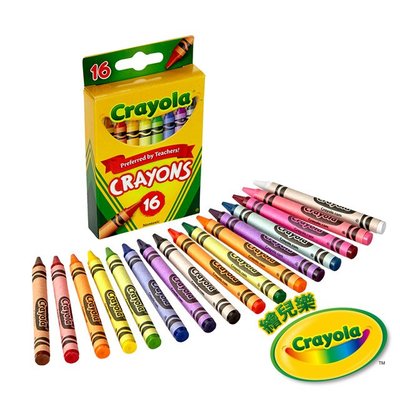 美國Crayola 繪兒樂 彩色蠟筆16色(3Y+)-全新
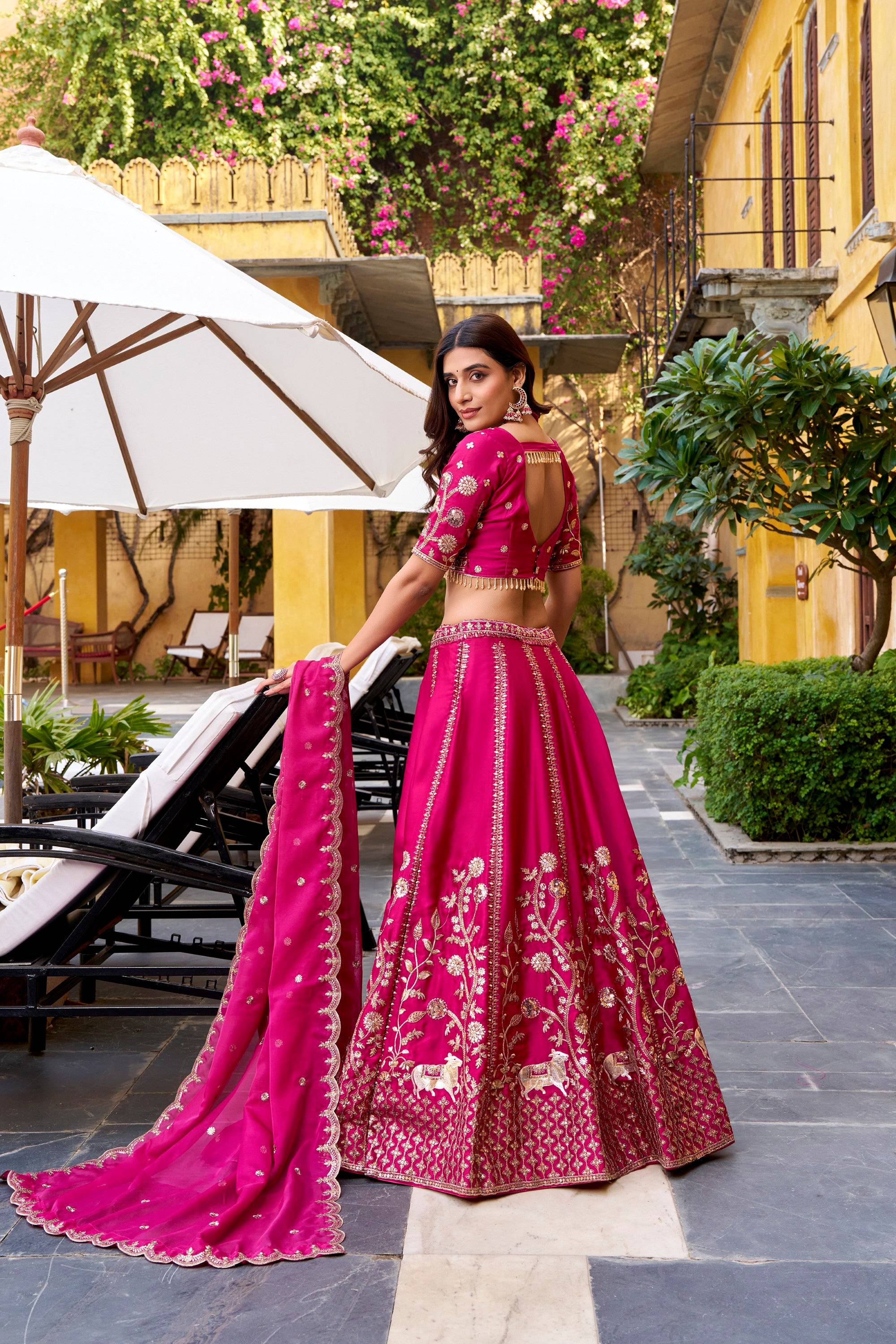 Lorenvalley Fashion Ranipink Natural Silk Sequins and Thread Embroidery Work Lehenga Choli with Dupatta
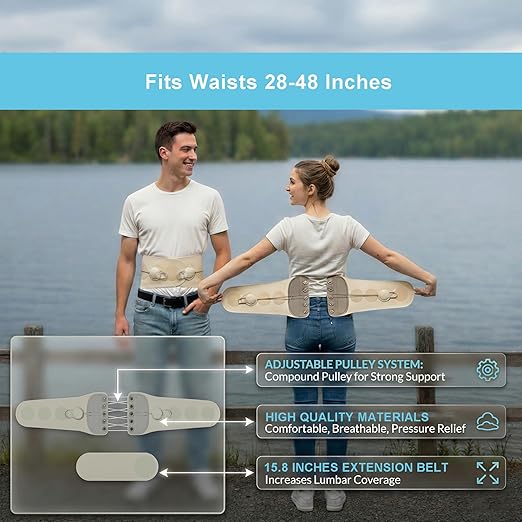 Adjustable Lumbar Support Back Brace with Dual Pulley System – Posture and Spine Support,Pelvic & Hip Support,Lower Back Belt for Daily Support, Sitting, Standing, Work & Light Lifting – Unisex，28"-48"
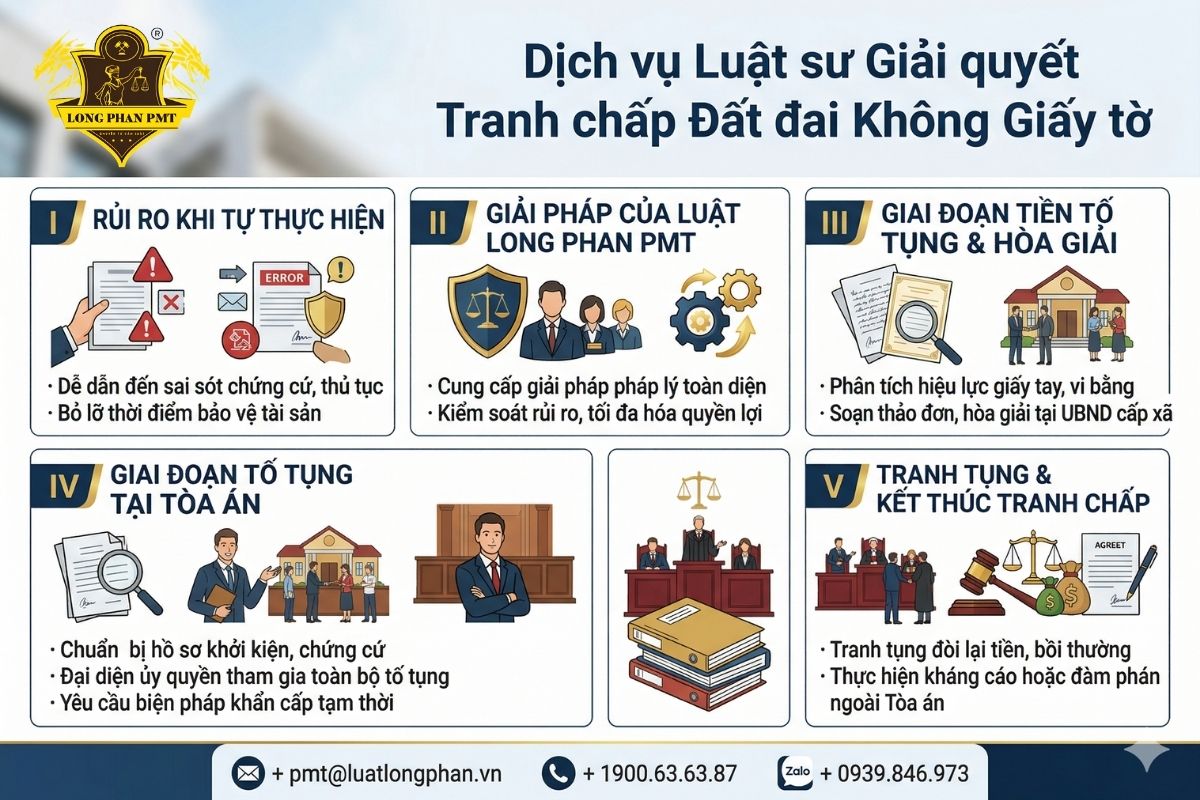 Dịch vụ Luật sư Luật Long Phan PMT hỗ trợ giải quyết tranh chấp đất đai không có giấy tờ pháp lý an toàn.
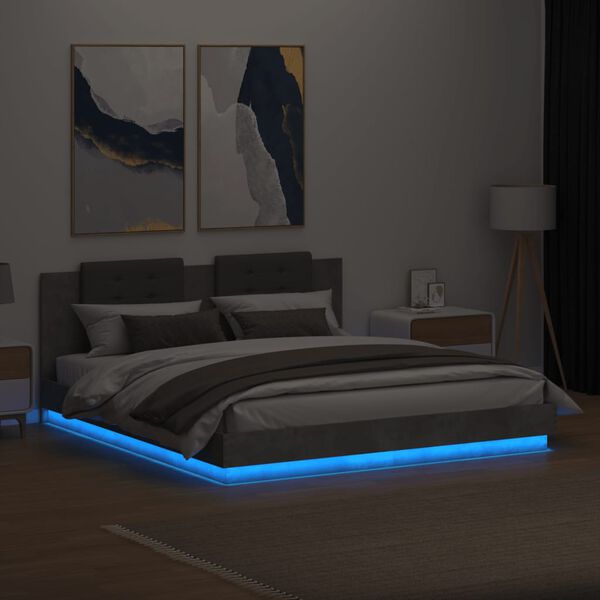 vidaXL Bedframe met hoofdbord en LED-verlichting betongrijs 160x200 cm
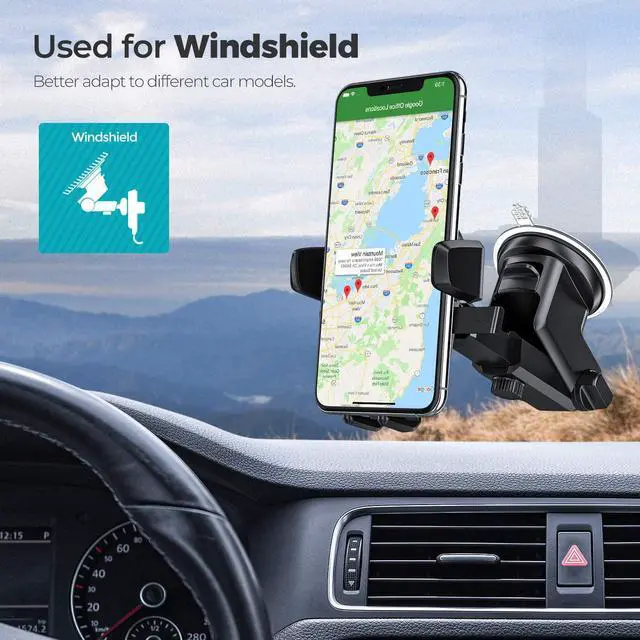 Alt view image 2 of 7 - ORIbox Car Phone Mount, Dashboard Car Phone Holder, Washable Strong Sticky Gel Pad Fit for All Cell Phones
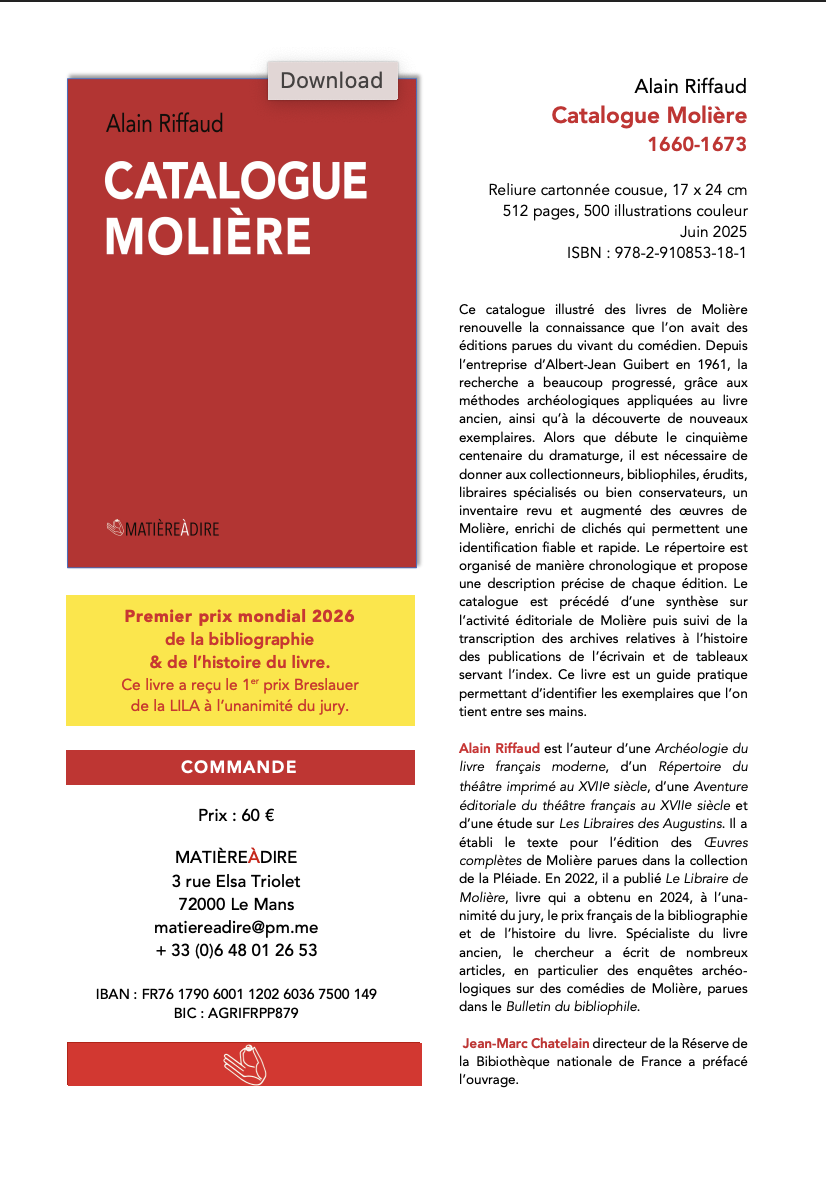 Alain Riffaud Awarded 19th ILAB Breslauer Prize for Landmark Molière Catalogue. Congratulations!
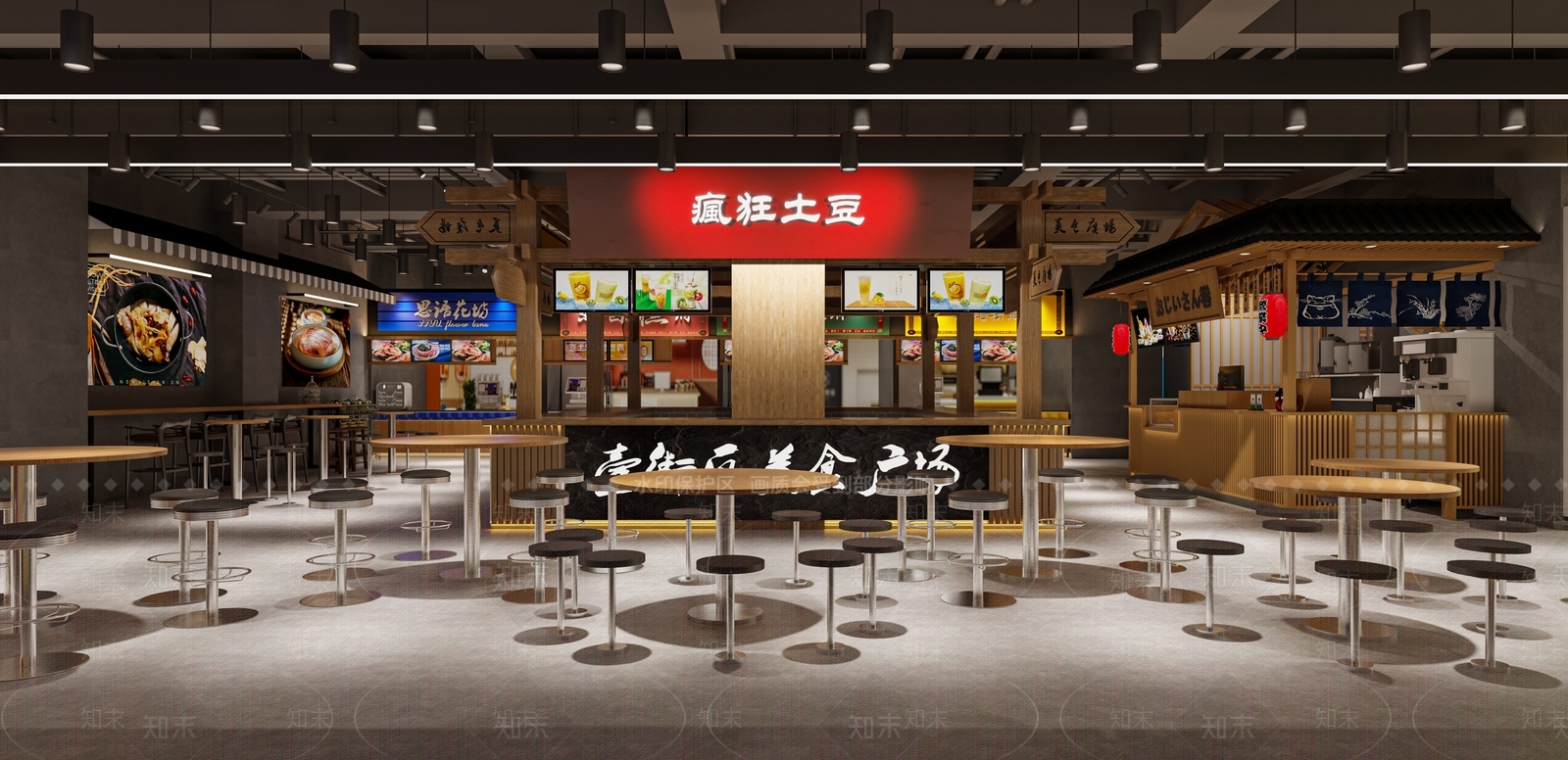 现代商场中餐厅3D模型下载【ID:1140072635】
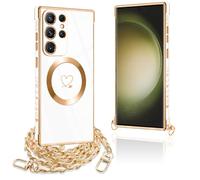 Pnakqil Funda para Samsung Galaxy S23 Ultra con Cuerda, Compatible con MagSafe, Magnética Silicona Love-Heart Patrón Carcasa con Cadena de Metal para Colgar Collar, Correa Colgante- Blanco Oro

● EXERCISE BRIEF
Your copy should hold exactly the lines from the line containing "现代商场中餐厅3D模型下载【ID:1140072635】" through the last line of the listing above, both included, and no pictures.

● ANSWER TO THIS PROBLEM
 现代商场中餐厅3D模型下载【ID:1140072635】
 Pnakqil Funda para Samsung Galaxy S23 Ultra con Cuerda, Compatible con MagSafe, Magnética Silicona Love-Heart Patrón Carcasa con Cadena de Metal para Colgar Collar, Correa Colgante- Blanco Oro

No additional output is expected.